ASSIGNMENT: The answer should hold every line of the listing, unchanged and free of images.

DATA BELOW:
_____

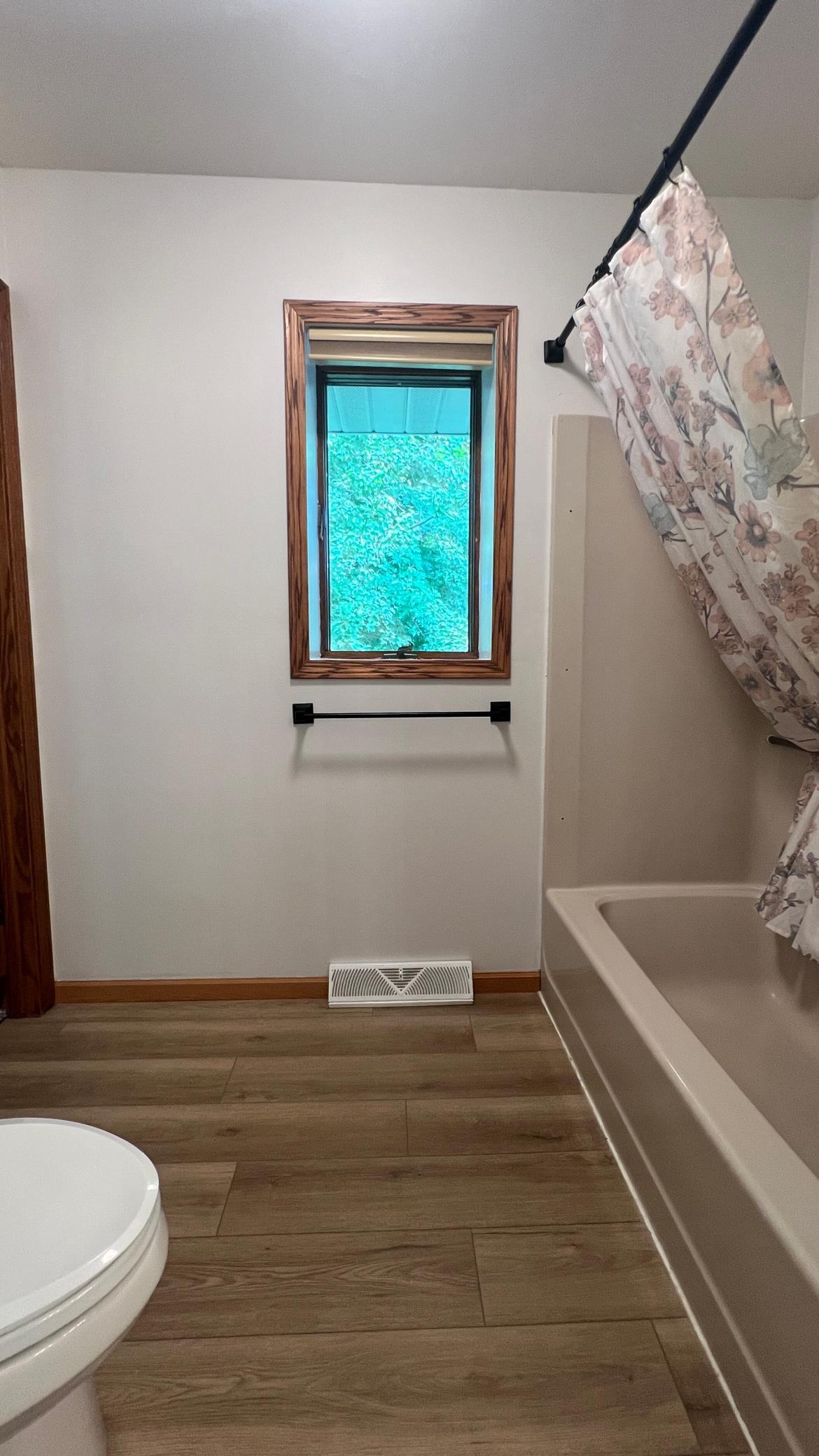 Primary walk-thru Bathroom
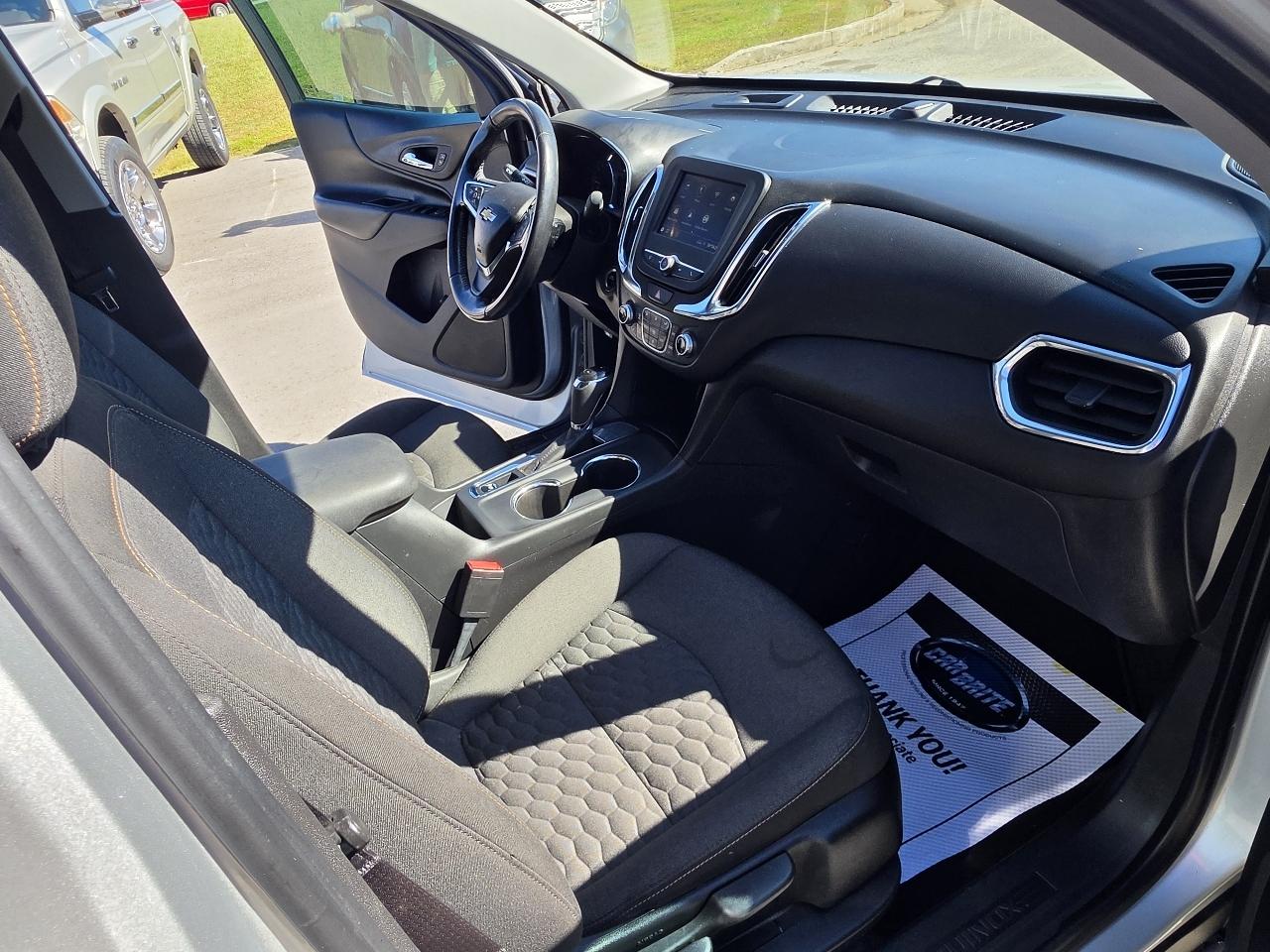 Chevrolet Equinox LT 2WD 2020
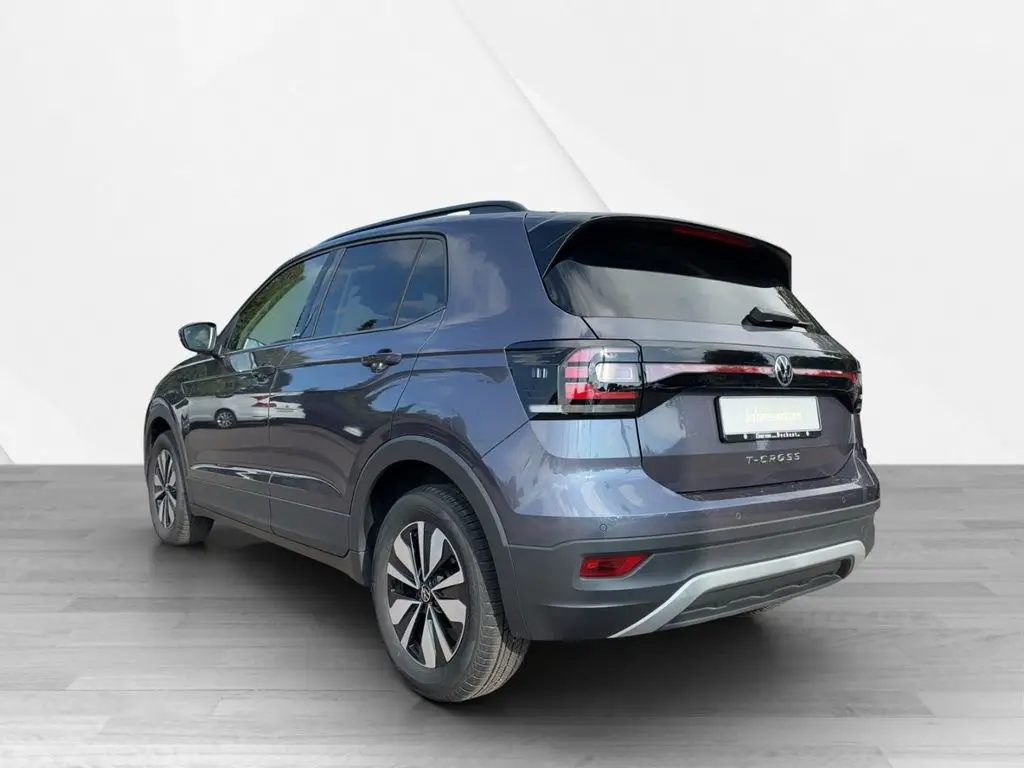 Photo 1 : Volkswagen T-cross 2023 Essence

_____

SOLUTION FOR THIS PROBLEM:
 Primary walk-thru Bathroom
 Chevrolet Equinox LT 2WD 2020
 Photo 1 : Volkswagen T-cross 2023 Essence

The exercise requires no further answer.